No big secret that the folks over at Satisfaction JackSin. Seems the band drew inspiration from the adult film character with the same name. Before that there was the 1988 movie Action Jackson staring Carl Weathers, Craig T. Nelson and Sharon Stone. "We bantered names back and forth, and when we finally stopped laughing we knew this would be memorable," says brewery co-owner Otto Dilba, who also designed the beer's label and packaging.
What is it? Satisfaction Jacksin from Ale Asylum.
Style: The imperial or double IPA intensifies the bitterness of the typical IPA. However, it's not double the strength. Many brewers who make these beers like to say they double the amount of key ingredients, especially hops. The Double IPA emphasizes bitterness, yet there should still be some malty sweetness. Because of all the malt and hops that go into these beers, the flavor is often described as complex, spicy and warm. The finish will indeed have warmth from the high alcohol level, as it often ranges above 6% ABV.
The India Pale Ale, which the style is built upon, is a style dating back to the 1700s, when the British found that using high amount of hops would preserve beer for long sea voyages. The Double IPA is an American spin on the IPA meant to satisfy those who enjoy that intense bitterness, a.k.a. hopheads.
Background: Ale Asylum brewmaster Dean Coffey made about 400 cases of this beer, and it just hit local store shelves. Coffey's recipe calls for so much malt and hops that when he was brewing the beer he found himself on top of the brewkettle -- 13 feet up -- actually forcing the lid shut on the manway with all his weight as the hops expanded in the hot liquid. "There's a mountain of ingredients, truly a double batch, because we could only brew a half-kettle at a time," he says. All of that makes a beer with an 8.2% ABV. It sells for about $15 per six-pack.
Satisfaction Jacksin showcases Centennial hops, which are known for both aroma and bitterness. Hopheads will appreciate Coffey's attention to formulating recipes, especially in that he features single hop varieties in his bitter beers. Ballistic, the brewery's IPA with citrus bitterness, is based on Amarillo hops. And the year-round Hopalicious, with its wonderful hoppy aroma, is made with Cascade hops.
Centennial hops are what Coffey calls a "kissing cousin" of Cascades, only on steroids. Coffey's recipe calls for nearly three pounds for every barrel, which by any standard is a lot of hops.
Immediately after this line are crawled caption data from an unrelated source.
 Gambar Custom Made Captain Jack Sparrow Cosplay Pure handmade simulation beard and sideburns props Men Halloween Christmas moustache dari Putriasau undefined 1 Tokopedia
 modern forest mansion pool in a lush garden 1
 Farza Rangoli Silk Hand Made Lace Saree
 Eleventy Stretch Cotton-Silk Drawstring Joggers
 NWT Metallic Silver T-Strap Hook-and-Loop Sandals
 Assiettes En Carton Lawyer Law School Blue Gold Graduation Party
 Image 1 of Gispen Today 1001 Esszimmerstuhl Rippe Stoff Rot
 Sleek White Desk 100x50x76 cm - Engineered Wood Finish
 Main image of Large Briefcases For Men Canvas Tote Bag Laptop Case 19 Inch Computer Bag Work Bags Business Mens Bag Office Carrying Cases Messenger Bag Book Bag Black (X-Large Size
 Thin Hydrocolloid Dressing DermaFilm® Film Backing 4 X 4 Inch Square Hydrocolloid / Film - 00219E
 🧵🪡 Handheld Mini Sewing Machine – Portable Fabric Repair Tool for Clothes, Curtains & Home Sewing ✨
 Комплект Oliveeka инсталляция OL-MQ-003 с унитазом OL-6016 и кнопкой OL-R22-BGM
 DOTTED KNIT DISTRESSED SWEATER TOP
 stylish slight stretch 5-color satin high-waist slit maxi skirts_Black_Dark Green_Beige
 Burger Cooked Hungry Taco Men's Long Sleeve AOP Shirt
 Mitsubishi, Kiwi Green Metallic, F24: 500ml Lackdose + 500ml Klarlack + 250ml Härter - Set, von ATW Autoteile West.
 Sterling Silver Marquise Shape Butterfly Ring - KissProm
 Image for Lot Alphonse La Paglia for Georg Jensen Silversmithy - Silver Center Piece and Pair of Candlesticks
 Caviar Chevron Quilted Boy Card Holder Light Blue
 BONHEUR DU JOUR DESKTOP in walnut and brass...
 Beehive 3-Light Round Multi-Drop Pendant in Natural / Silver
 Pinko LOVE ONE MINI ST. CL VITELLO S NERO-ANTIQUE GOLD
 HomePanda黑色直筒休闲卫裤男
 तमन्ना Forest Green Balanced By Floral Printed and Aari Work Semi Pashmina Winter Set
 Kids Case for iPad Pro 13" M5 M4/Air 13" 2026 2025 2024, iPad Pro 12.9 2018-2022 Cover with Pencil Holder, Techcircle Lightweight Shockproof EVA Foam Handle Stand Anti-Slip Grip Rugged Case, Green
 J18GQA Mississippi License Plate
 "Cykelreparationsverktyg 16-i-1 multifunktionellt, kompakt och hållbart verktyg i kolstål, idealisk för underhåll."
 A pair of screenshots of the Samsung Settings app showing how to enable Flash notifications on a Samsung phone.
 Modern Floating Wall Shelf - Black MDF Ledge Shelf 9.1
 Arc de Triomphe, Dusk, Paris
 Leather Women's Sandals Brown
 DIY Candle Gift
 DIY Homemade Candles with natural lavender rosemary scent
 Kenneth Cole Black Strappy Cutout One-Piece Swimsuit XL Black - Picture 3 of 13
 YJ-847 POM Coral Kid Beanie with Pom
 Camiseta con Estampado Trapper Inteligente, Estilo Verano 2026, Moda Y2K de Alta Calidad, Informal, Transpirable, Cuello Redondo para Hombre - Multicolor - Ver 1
His partner, Otto Dilba, says he likens this to a hoppiness that dances on the tongue; which is one reason the label's crest features a face with protruding tongue.
- Aroma: A resin-like hoppiness.
- Appearance: Hazy deep copper-bronze and a tan, marbled head.
- Texture: Full-bodied, round, bubbly.
- Taste: Strong, firm bitterness throughout with a complex malt backbone that offers hints of caramel and brown sugar.
- Finish/Aftertaste: Bitterness lingers, but the maltiness continues too, especially in its warmth.
Glassware: Satisfaction Jacksin's complex flavor is something to savor. Take your time with it, and slowly sip this beer from a snifter to appreciate its powerful resin-like aroma and the complex interplay of hops and malt. Given the price, sipping should extend the investment and pay off.
Pairs well with: You'll want something that competes for the palate, and with Satisfaction Jacksin it will be a fight. The ultimate in gastronomic satisfaction might be matching it with your favorite hot Thai dish. This is a beer that cries out for the hearty, spicy meal.
Rating: Four Bottle Openers (out of four).
The Verdict: Satisfaction Jacksin is a beer with depth and complexity not usually found in beers called double IPAs. Too often, such brutally bitter beers seem to be about the brewer's fascination for how much hops can be crammed into a glass. But I like this beer because Dean Coffey has come up with a recipe that is not one-dimensional; rather, it's intricate in the way the massive "in your face" flavors blend together.
While Satisfaction Jacksin packs a dominant long-lasting bitterness, it also has an assertive maltiness with caramel and brown sugar tones that weave a path through the all of the hops in a rather sophisticated way. This beer leaves you with an "oh wow" sensation. There is sticker shock at $15 a six-pack, and there will be some complaints over cost. However, for those who really like hoppy beers, how can you put a price on finding a little satisfaction?